Sales Pipeline – The Lightbulb Moment
That piece of advice completely changed my mindset and my business. It was less about the one, two or three prospects that I was agonising about and more about finding new ones that meant I was less reliant on the few.
Easier said than done you might say. However, it shifted my focus to trying to identify all the ways to fill the funnel. Of course, we had some advantage in that our business is telemarketing. So, we did run some campaigns. Equally, I made sure to attend as many relevant networking events as I could. Equally, I started to invest time to create interesting content in terms of blogs and videos. And, I built my network on LinkedIn.
Naturally, the best way to generate fresh enquiries is through testimonials and referrals. So, we started asking for recommendations and encouraged clients to provide testimonials for us that we could use on our website. Latterly, we’ve started using Google Reviews as this helps our SEO.
This is far from an exhaustive way to fill your sales funnel. but, you must find a way to generate relevant leads on a regular basis. Whether you can identify a good email list and broadcast a sequence of enticing emails or PPC can work in your sector, or whether a well-placed blog or white paper is the answer, you need to evaluate what will work for you.
What works for us?
Our business is not your business so what worked for us may not work for you. Equally, we’ve had some failures along the way. However, over 20 years in business, we have found the following to be the things that worked for us.
-
-
- Always focusing on the needs of our customers so that, even when sometimes things haven’t worked out, they feel positive about us and recommend us or try us again in the future.
- Persistence on the phone through telemarketing to the right people, staying in touch with periodic calls and emails and always calling back at the time and date I say.

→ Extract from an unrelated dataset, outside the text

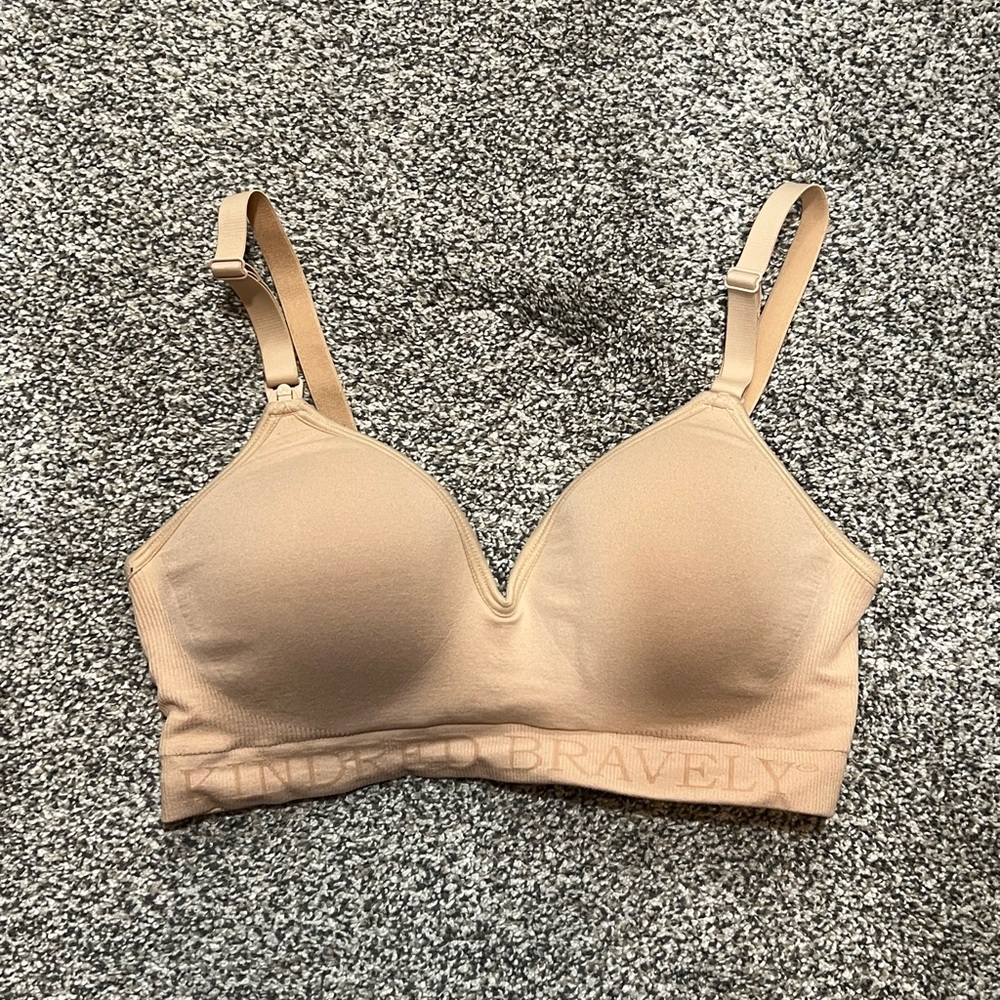 Kindred Bravely Sublime hands free pumping and nursing Bra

- Producing regular and relevant content for our website and LinkedIn
- Working hard on the above for our website as enquiries now come to us due to the 400+ pieces of content we’ve producers over the past 10 years or so
- Building our network on LinkedIn and posting regularly
- Keeping in touch over long periods of time with relevant contacts – you never know when they will have a need or know someone that does
- Being flexible – customers value and remember flexibility and it helps for their future project needs
- Asking for referrals and testimonials and posting those on our website
-
There are lots of other routes to market for your company. Test and measure is the best approach but doing nothing simply is not an option when you need to build your sales pipeline.